The Hopewell Farm, also known as Lower Farm and Hopedell Farm, is a historic home and farm located at 1751 Valley Road in Valley Township, Chester County, Pennsylvania. The 500-acre farm complex has six contributing buildings, one contributing site, and six contributing structures. The buildings and property were added to the National Register of Historic Places in 2010.

==History==
The community's application to place the Hopewell Farm on the National Register of Historic Places was reviewed by the Historic Preservation Board of the Pennsylvania Historical and Museum Commission at its meeting on October 6, 2009, along with applications for: the Hamburg Historic District in Hamburg, Pennsylvania, Hamnett Historic District in Wilkinsburg, Pennsylvania, the Newville Historic District in Newville, Pennsylvania, the Pennsylvania State Office Building and the Philadelphia Quartermaster Depot in Philadelphia, the Experimental and Safety Research Coal Mines in Allegheny County's South Park Township, and the Cheney Farm and Chandler Mill Road Bridge in Chester County.
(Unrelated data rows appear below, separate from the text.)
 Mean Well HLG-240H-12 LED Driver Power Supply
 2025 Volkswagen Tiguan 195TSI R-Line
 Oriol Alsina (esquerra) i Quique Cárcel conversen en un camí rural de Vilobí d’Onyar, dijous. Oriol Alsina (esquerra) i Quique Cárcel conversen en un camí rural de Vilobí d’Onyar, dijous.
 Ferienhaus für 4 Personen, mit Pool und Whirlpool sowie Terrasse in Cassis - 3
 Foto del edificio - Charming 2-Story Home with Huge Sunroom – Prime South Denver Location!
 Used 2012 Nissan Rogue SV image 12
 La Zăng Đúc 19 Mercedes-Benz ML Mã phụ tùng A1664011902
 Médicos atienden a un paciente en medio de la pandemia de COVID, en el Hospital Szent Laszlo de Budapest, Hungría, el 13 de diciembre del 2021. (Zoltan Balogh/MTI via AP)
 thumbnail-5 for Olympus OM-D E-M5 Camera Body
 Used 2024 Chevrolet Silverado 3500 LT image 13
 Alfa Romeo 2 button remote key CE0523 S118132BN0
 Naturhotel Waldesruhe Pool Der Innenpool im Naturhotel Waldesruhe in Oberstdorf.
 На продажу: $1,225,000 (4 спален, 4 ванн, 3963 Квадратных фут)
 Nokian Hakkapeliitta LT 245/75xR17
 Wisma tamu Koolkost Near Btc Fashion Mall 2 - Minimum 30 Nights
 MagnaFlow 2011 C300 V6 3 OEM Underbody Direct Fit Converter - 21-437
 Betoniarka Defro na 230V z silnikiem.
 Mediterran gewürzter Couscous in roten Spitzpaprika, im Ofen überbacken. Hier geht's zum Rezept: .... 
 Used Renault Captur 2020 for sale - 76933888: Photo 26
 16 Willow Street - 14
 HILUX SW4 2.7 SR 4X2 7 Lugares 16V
The buildings and property were then officially added to the National Register of Historic Places later in 2010.

==Architectural features==
The contributing structures include: a 2 1/2-story stone and frame farmhouse (c. 1787 - 2000), tenant house (1940), stone and frame Pennsylvania bank barn and silo complex (c. 1825-c. 1930), chicken coop (1940), corn crib (c. 1930), two garages (c. 1930, c. 1940), milk / spring house (c. 1880), spring house (c. 1955), stone arch bridge (c. 1900), two privies (c. 1760, 1940), and the remains of a lime kiln (c. 1830).